I probably also suffered from postnatal depression, although that was never confirmed.
For some inexplicable reason, this also became the time for studying – the husband for professional accreditation, and I undertook post graduate studies. In a nutshell, life was super-busy and super-hard.
It felt like I had entered some kind of vortex, and it seemed as if it would be years before I could hope to come out the other side.
This is when ‘they’ told me that despite all the rush and hard work, I needed to make sure I took time to enjoy the children.
To try not to wish they would hurry and grow up.
For all too soon, so they said, the children will be teenagers and not wanting a bar of me.
And it will have all gone by in what seems like the blink of an eye.
I think I might finally understand what ‘they’ mean.
Please don’t get me wrong.
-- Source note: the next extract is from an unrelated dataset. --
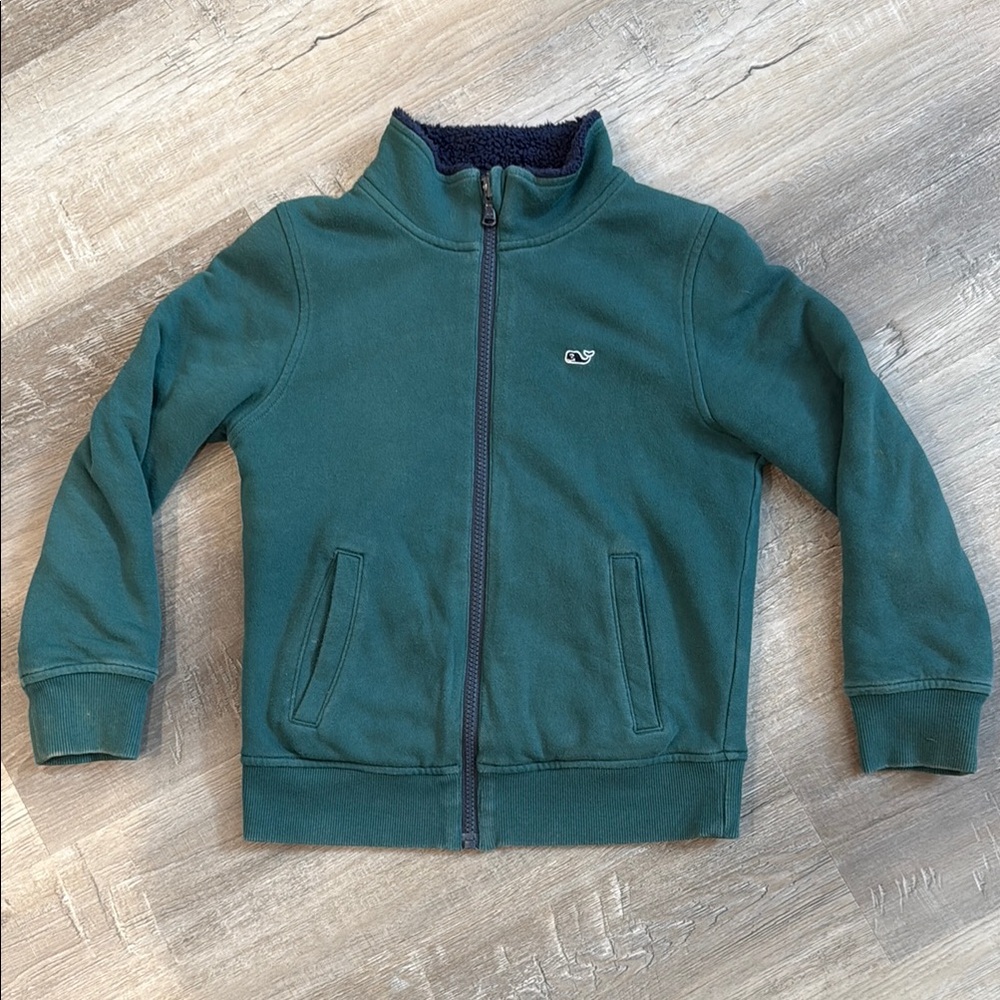 Vineyard Vines Boys Fleece Green/Blue Zip-Up Jacket - Size 7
In all honestly, it does not feel as if every minute of the last 12 years or so have flown by.
There has been days, perhaps more than a handful, when I have locked myself in my bedroom during the ‘witching hour’. Glass of vino in hand I have wondered aloud when was life going to get easier.
But yesterday I was handed a taste of the future when life does get easier – and I am not sure I want this reality after all.
My daughter turns thirteen soon and is nearing the end of year 7, her first of high school.
With every passing week we have seen less of our ‘little girl’ and more of the young woman she is becoming.
I remember reading once that every day after your children are born, they start taking steps away from you.